Questi fatti sono indicativi di una preoccupante e continua erosione del rapporto tra insegnanti e discenti. L’ambiente scolastico, che dovrebbe essere un santuario di sapere, si trasforma sempre più in un’arena di scontro, dove i professori si trovano costretti a fronteggiare i propri alunni. L’aria che si respira oggi nelle nostre scuole è intrisa di scetticismo, profonda disillusione e una palpabile amarezza.
Eppure, la scuola è per eccellenza il tempio dell’educazione, il luogo dove si acquisiscono i valori imprescindibili della vita e dove la personalità del futuro cittadino prende forma. Invece, tra queste mura, si vivono e si consumano con allarmante frequenza le situazioni più irragionevoli e angoscianti: l’uso sfacciato dei telefoni cellulari, episodi di bullismo dilagante, violenze di ogni genere, e docenti che subiscono umiliazioni, oltraggi e talvolta anche percosse. La misura è colma! Non sorprende che molti educatori, provati e moralmente esauriti, attendano con ansia il momento del pensionamento.
Gli studenti, a ogni livello, non dovrebbero perseguire il solo obiettivo di ottenere un “pezzo di carta”. La scuola merita di essere valorizzata e amata non solo per i suoi contenuti didattici, ma anche e soprattutto per i suoi riti, i suoi tempi e i suoi ritmi intrinseci; essa è, a ragione, “progresso, speranza e gloria del mondo”. È altresì fondamentale che i genitori cessino di essere protettori incondizionati dei figli, difendendoli sistematicamente dalle giuste rimostranze degli insegnanti. Un tale atteggiamento rivela una presunzione e una mancanza di educazione altrettanto gravi. L’amore filiale non può e non deve essere confuso con l’accettazione passiva di metodi didattici inappropriati o con la svalutazione dei principi del sapere.
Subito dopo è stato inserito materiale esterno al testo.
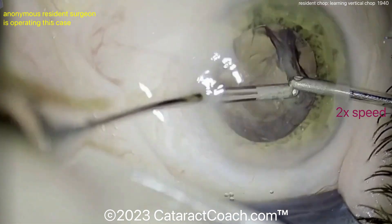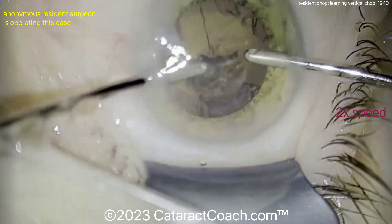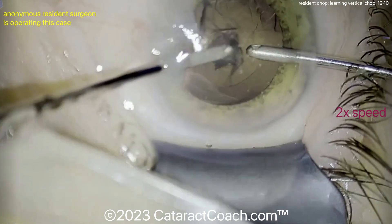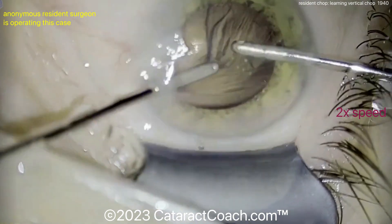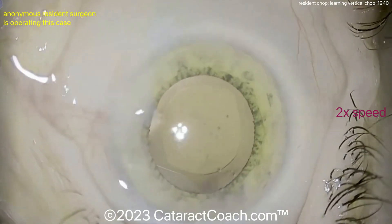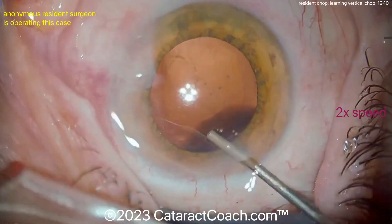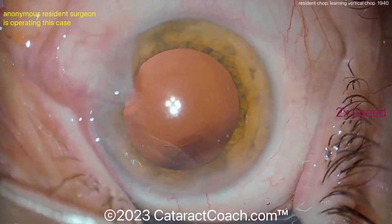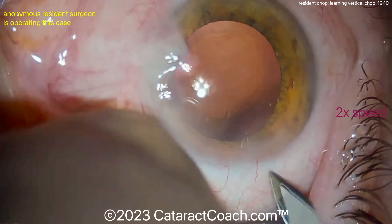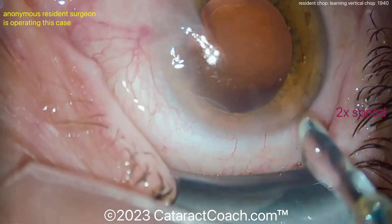Coming in with a bimanual IA to clean up all that cortex, and that's coming out pretty nicely. It's a nice case — don't get me wrong — but I think you can improve more. The one thing that drives me nuts is your instruments touching those eyelashes the whole time. You've got to get the eyelashes out of the way, get the lid margin sequestered. It's going to have a better outcome for your patient, less risk of endophthalmitis, and it's also just easier to operate with a clean tear film without all the particulate matter.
Il mio pensiero torna agli anni della mia formazione scolastica. Si viveva un’atmosfera profondamente diversa: oltre all’impegno nello studio, vi era un rispetto immenso per l’ambiente didattico, ma soprattutto per gli insegnanti. Verso di loro si nutriva un sentimento di stima e affetto quasi reverenziale.
In definitiva, è doveroso affermare: o gli studenti rimettono in discussione il proprio comportamento e impegno, o ci troviamo di fronte a un fallimento epocale delle nuove generazioni e dell’intero sistema scolastico. Le conseguenze logiche sarebbero la creazione di una società popolata da individui impreparati e, di fatto, da delinquenti.
Ricordiamo, se non altro, la celebre massima di Seneca, sempre di straordinaria attualità: “Non scholae sed vitae discimus” (Non impariamo per la scuola, ma per la vita). E il grande De Amicis ci ammoniva: “I tuoi libri sono le tue armi, la tua classe è la tua squadra, il campo di battaglia è la terra intera e la vittoria è la civiltà umana. Non essere un soldato codardo.”